I want to be able to write documents and structures, to be able to attach meaning (through attributes or interactions). I want to be able to select a name in a Web page and to say here this person connect it to this id in my address book. I want to be able to give a cite="urn:isbn:1234567890" to a quote and configure my system to choose what reference system I will be using for it. I want to be able to indeed have a place element and/or place attribute and be able to tie a map to it through right click. Though I do NOT want to have vendor tie-in such as when the element is in the page and have a Google map without a way to choose the map system you would like. I want to be able to associate terms in a document to a vocabulary and to be able to evolve it.

So to come back to semantics. I was used in the past to categorize elements in HTML (aka creating an ontology, or meaning, or semantics, yada, yada).

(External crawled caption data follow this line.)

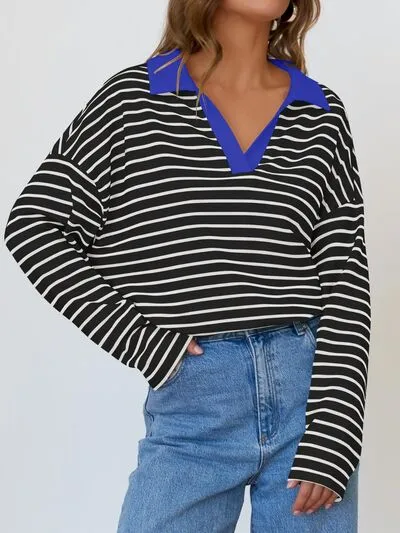 Johnny Collar Long Sleeve Sweatshirt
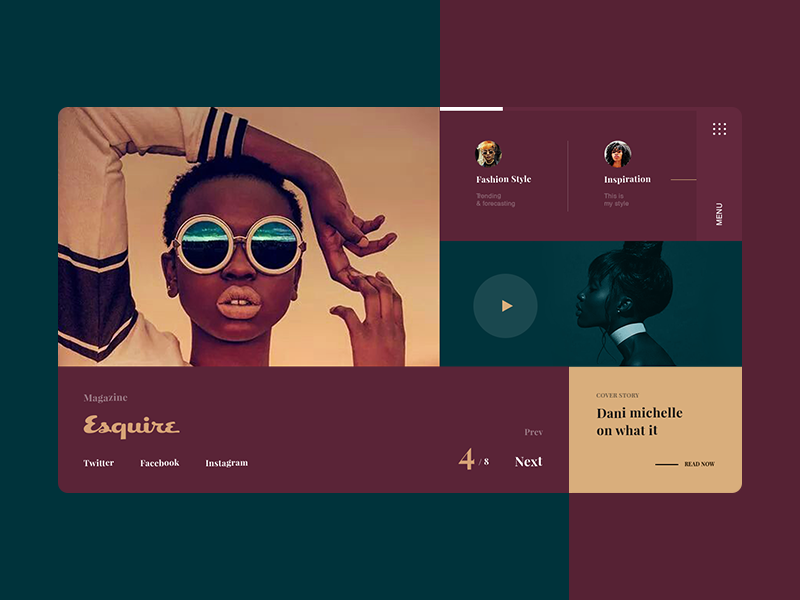 Esquire Redesign homepage red fashion magazine inspiration yellow green girl ui typography creative web design esquire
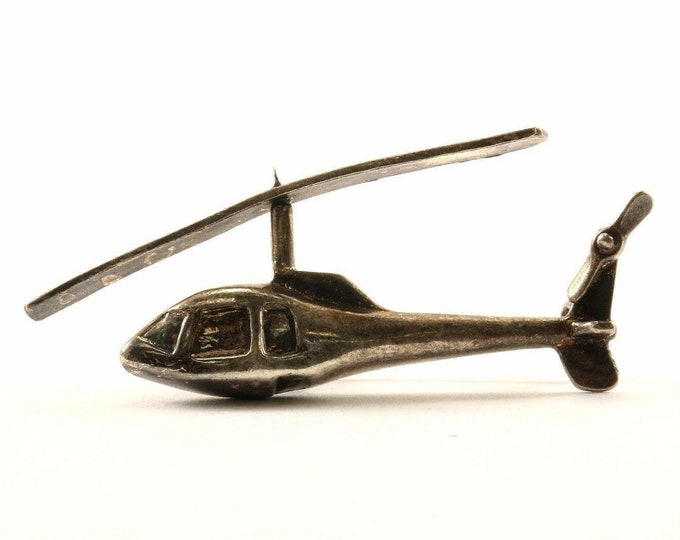 Vintage Helicopter Shape Pin/brooch 925 Sterling Bb 1144(123726799995)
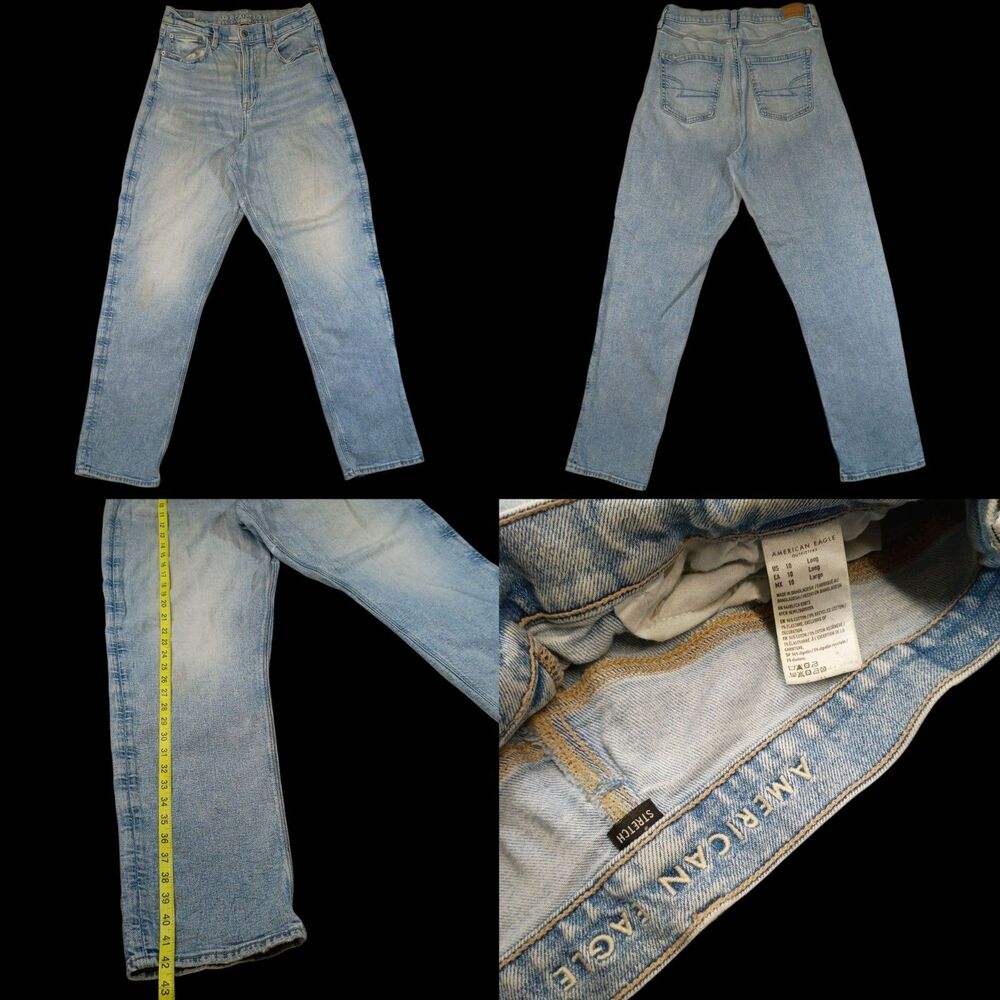 American Eagle Women Size 10 Long Jeans Mom Straight Pants Light Wash Stretch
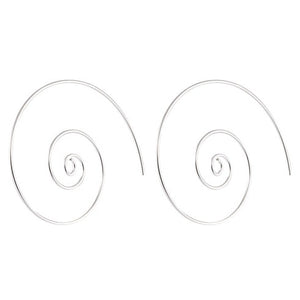 Sleek Spiral Harmony Silver Earrings - Minimalist Elegance - Model 1213-007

Structure: p, li, table, etc. Action: a Presentation: b, i, etc. Meaning: title, blockquote, cite, samp, var, etc. Hermaphrodite: span, div

Non scientific classification, just a view on the world, aka semantics.

Aren't your points under "Semantic Evolution" in many ways covered by XML and its family of standards? Or at least it was headed that way.

So many times I see people wishing for custom elements and I automatically start thinking of XML, et al.

Hey Rob,

XML had a couple of key flaws -- notably a lack of forgiveness in the face of errors and some real nuttyness about DTDs derived from the SGML legacy -- and the communities that embraced it added other baggage that prevented them from winning the day. I don't think XML gets a do-over. It lost.

Here's why custom elements are different: they aren't trying to enable the idea of "first class" distributed extensibility. XML didn't have a language, it was a system for defining languages. HTML, on the other hand, IS a language and custom elements are a way to introduce "slang" words into that language. This is entirely different ot the dream of defining a brand-new language and hoping that speakers of multiple languages can co-exist.

Regards

by alex at
Surely the whole point of "semantic html" is to convey information in a way which isn't dependent on how it looks. It tries to make a distinction between what belongs in markup and what belongs in a stylesheet. One problem with the tables and WYSIWYG editors of the early 2000s is that they tightly coupled style and substance. Your whole argument is based on the premise that the only way people want to consume the web is visually on 2 dimensional screens. The absence of any mention of screen readers is very notable. Screen readers are important, not only because they make the web accessible to more people right now, but they also show that there is more than one way to consume content. It's very short-sighted (pardon the pun) to ignore their existence as they may hint at other ways people will want to access the web in future. I'm not just talking about computers reading out what's on the page. There's potential for lots of other outputs: 3d displays, some sort of tactile response, maybe even interfacing direct with people's brains. Sure, that all sounds quite far fetched, but the point is that we don't know what the future has in store. I think the best way to be prepared for that unknown is to keep separate the information we're trying to convey from how we'd like it to look. For all its faults, "semantic html" is a nice thing to aim for, even if we don't get it right every time.
For what it's worth, I think Alex is right on the money here. This notion of democratizing the growth of semantics in HTML is downright seminal. Alex is deftly removing a mammoth wrench from the cogs of sane scope expansion as Moore's law and consumer demand outpaces the standards bodies' ability to innovate.